Awalnya Rita menolak. Gagasan untuk meninggalkan rumah dan menemui laki-laki lain adalah hal konyol yang akan memicu amarah Jim. Kemudian pemikiran itu berubah beberapa minggu yang lalu. Dengan alasan konyol ia berpikir bahwa (mungkin) dirinya membutuhkan suasana baru. Rita dapat menunda kesenangannya selama satu pekan untuk menemui David. David mengusulkan pertemuan di restoran berbintang, namun Rita menolaknya dan mengatakan bahwa tempat itu terlalu mencolok mengingat seseorang di dalam restoran itu bisa saja mengenali wajahnya. Jadi mereka pergi ke sebuah restoran kecil, sangat jauh dari keramaian kota dan hanya menyajikan makanan yang bisa mereka dapatkan dengan harga murah. Setiap kali pulang terlambat, Rita memberi alasan pada Jim bahwa jadwal kelasnya tertunda sehingga ia harus pulang lebih lambat. Menghadiri sebuah perkumpulan selalu menjadi alasan yang tepat untuk menghindari kecurigaan Jim. Lagipula, Rita tidak memiliki tujuan lain selain mengobrol dengan teman lamanya – setidaknya untuk saat itu sebelum segalanya berubah.

“Apa yang kau katakan pada suamimu?” tanya David pada pertemuan pertama mereka.
Rita merasa takut, disisi lain merasa tergugah. Perselingkuhan tidak pernah terbesit dalam benaknya. Ia mencintai Jim, menganggumi laki-laki itu segenap hatinya. Pernikahan mereka begitu sempurna dan Jim sangat berhati-hati dalam memperlakukannya. Rita juga memercayai Jim: cara laki-laki itu menjaganya, memastikan kebutuhannya terpenuhi, menyenangkannya di atas ranjang. Jim adalah pasangan yang sempurna – tipikal laki-laki yang diharapkan wanita manapun. Untuk satu alasan konyol, Rita kesulitan membayangkan Jim berhubungan dengan wanita lain selama pernikahan mereka. Gairah laki-laki itu tidak pernah surut, caranya memandangi Rita masih sama seperti perjumpaan mereka dan Jim tidak akan berpikir duakali untuk memberinya kesenangan. Tapi Jim memiliki aturan, sebuah kesepakatan mutlak yang tidak harus dipatuhinya jika ia hidup bersama David.
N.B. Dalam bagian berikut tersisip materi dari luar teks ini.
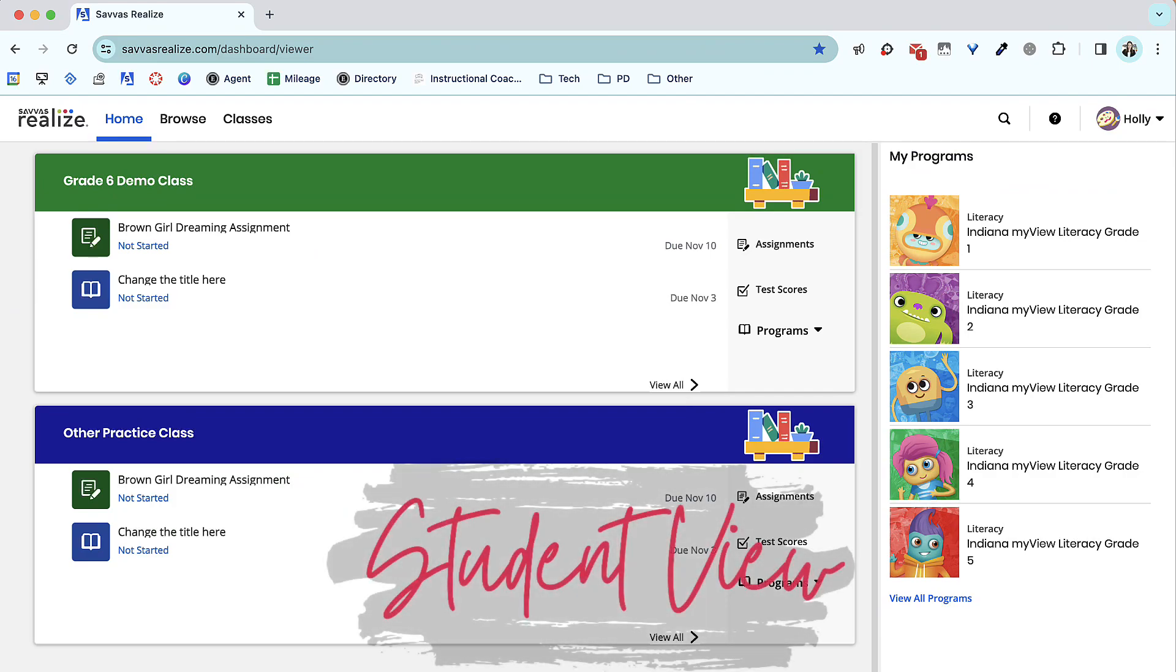When your students log in, they will see any class they are enrolled in, along with a list of their assignments.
Setelah mengobrol cukup banyak, sikap David terkesan konyol dan terbuka. Jauh dari kesan pertama ketika mereka masih menjadi rekan kerja, laki-laki berdarah prancis itu sama sekali bukan pendiam. David memiliki selera humor yang tinggi, tampang yang menarik, keterbukaannya yang membuat Rita nyaman dan yang selalu dirindukannya adalah aksen prancis-nya yang kental.
David memberitahunya bahwa laki-laki itu lahir dan dibesarkan di Prancis selama belasan tahun. Ia menempuh studi di sana sebelum memutuskan untuk pindah ke Denver dan memulai perjalanan kariernya sebagai penari balet. Hubungan David dan Harold sudah cukup dekat. Harold adalah pembimbingnya, dan David telah menjadi penari favoritnya selama bertahun-tahun. Laki-laki itu memiliki pengalaman menari di atas panggung selama belasan tahun dan kemampuannya sudah tidak lagi dipertanyakan. Kemudian Harold menemukan Rita, namun posisi David tidak berubah. Ia tetap menjadi penari panggung yang dipercayainya. Bahkan setelah Rita hengkang bertahun-tahun lalu, hubungan David dan Harold masih berlangsung mulus.

“Semuanya berubah sejak kau meninggalkan teater,” aku David terang-terangan. Rita merasakan wajahnya memerah, hawa panas menjalar naik ke punggungnya ketika laki-laki itu meletakkan satu tangannya di atas punggung tangan Rita. Sikapnya berubah konyol. Ia telah melakukan sebuah kesalahan dengan memikirkan David ketika bercinta dengan Jim semalam. Namun, Rita tidak pernah mencapai batas pikiran liarnya yang seperti itu dan ada sebuah kepuasan tersendiri, hasrat yang mendorongnya untuk masuk lebih jauh.

Bermandikan cahaya lampu-lampu redup di restoran itu, Rita dapat menyaksikan David mencondongkan tubuhnya, berdeham ketika mereka dilanda keheningan untuk waktu yang lama.

“Sebaiknya kita bertemu lagi.”

“Apa?” Rita nyaris menertawai dirinya. Ia merasa semakin tua namun bertingkah seperti remaja konyol yang sedang kasmaran.

“Aku selalu menerima usulanmu untuk bertemu di tempat ini, aku juga ingin mengusulkan sebuah tempat yang bagus.”

“Tempat bagus apa?”

“Kau tahu Sloan Lake? Itu tempat yang indah.”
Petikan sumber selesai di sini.